As community banks know so well, small businesses that rely on funding for their ongoing operations also face multiple challenges in trying to obtain capital. A recent study by Babson College in fact finds in many cases small businesses receive less than 50% of the amount they asked for.
The same survey found small businesses seeking funding through credit cards had the most reliable success rate (93%), online lenders were next (80%) and banks came in lower at about 65%. Over the long term, receiving only partial funding could significantly stymie small business operations and growth. Further, the rankings show at least this group of small businesses surveyed show banks may also run the risk of customers walking away dissatisfied and disgruntled at some level.
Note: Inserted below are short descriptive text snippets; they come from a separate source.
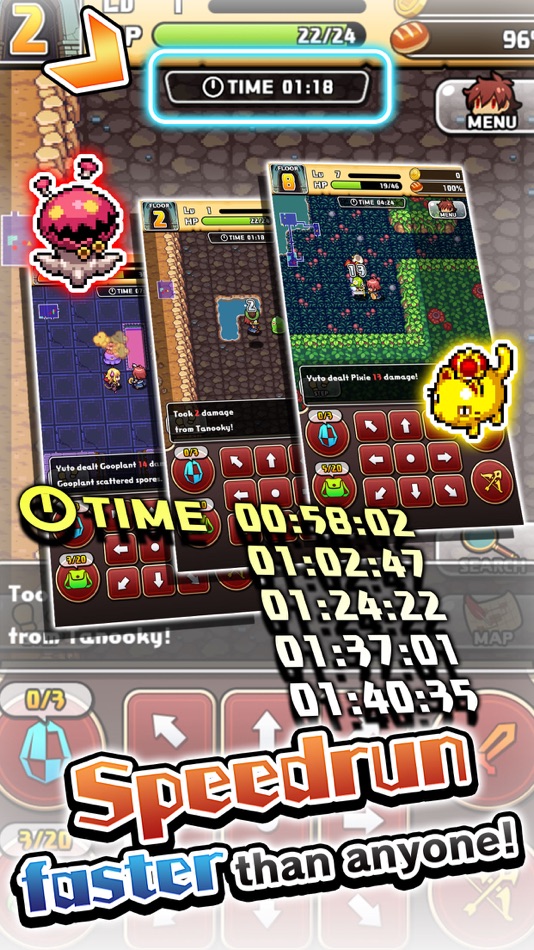 #3. Labyrinth of the Witch DX (iOS) 由: Orange Cube Inc.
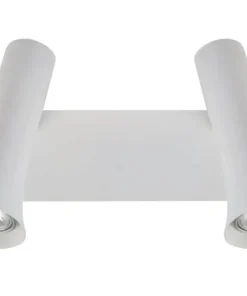 TORONTO Vägglampa Dubbel 27cm Vit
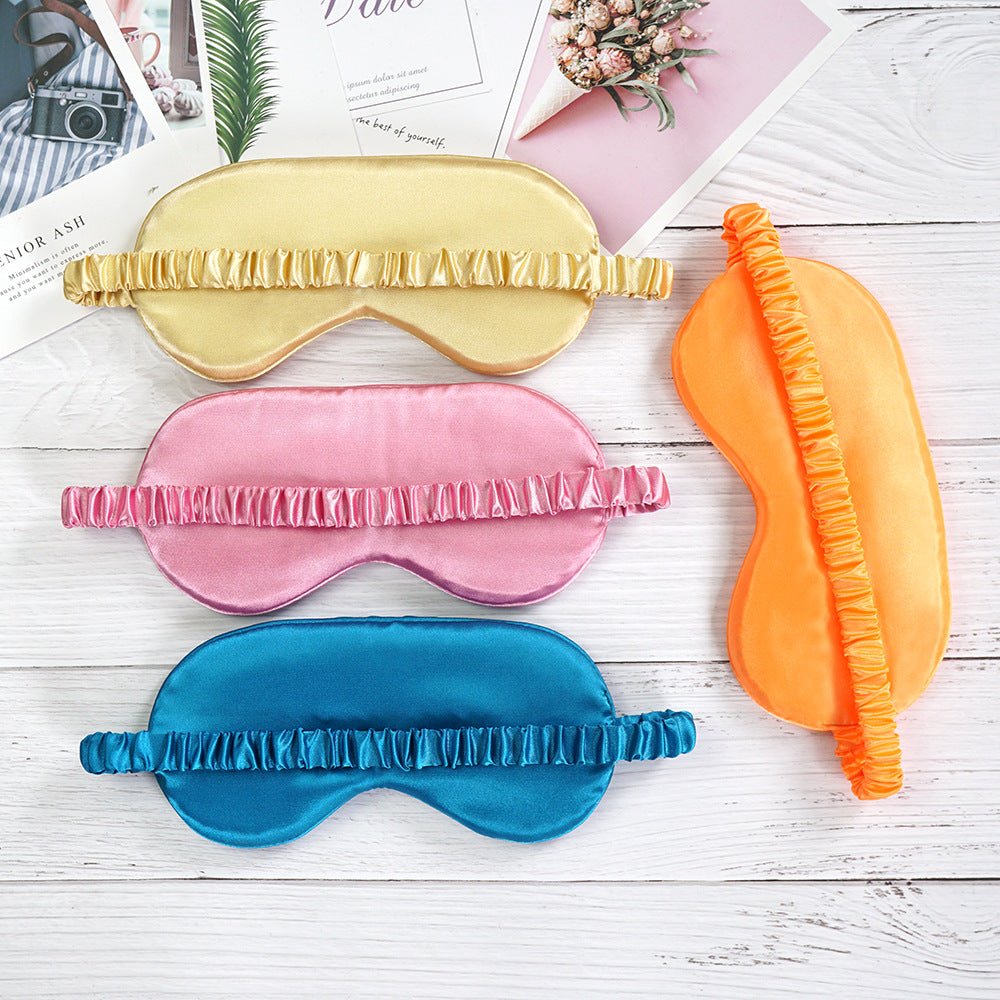 Loomi Silk-Axis™ Deep-Delta Sleep Silk Eye Mask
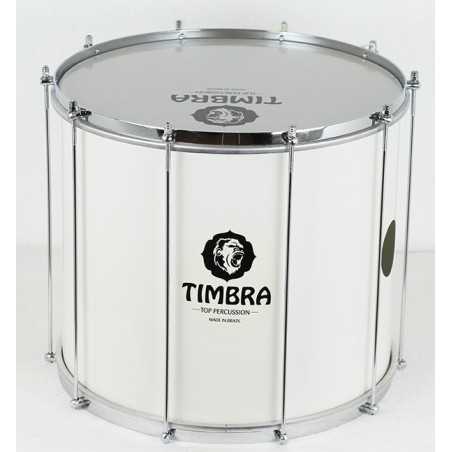 Surdo 18X40 Cm Blanco Timbra 10-Div. Ti8267 Cromo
It bodes well for our industry that banks are the main source for small business credit. Indeed, survey respondents indicated they were about 400% more likely to apply to banks for capital than any other source. Moreover, small business owners remain reliant on their existing banking relationships to obtain future credit.
However, banks won't necessarily be able to maintain this dominance in the future without expending additional effort. As the survey noted, nontraditional sources of capital such as online lending and crowdfunding, are emerging as financing alternatives for small businesses. Indeed, 13% of all survey respondents said they applied for capital using these sources. Notably, younger companies under 12Ys old were more likely to leverage family and friends, angels, factoring and online lending than were the older businesses. This speaks volumes to the potential of these emerging funding sources as nascent companies age.
To better serve small businesses, banks have multiple options. When asked what would make it easier to access credit or obtain loans, the majority of respondents (58%) said they wanted more flexible terms from their lenders. Nearly half the business owners (46%) also called for smaller minimum loans and 44% said banks should do more to reduce the amount of paperwork.
Certainly there are regulatory constraints that limit some of these areas, but banks can work within any confines to ease the burden on small business customers. What's more, by educating businesses owners on the variety of lending models, financing products available, rates and terms; banks can open new doors for customers. Certainly, informed consumers make better customers in the long run.
Despite all of the challenges out there, small businesses continue to rely on banks to quench their thirst for much-needed funds as they grow and expand operations. Community bankers know that by offering their help, today's makeshift lemonade stands can become tomorrow's long-lasting and thriving businesses. Ignore the cranky neighbors and keep doing what you do community bankers as you support small business all over this great country of ours.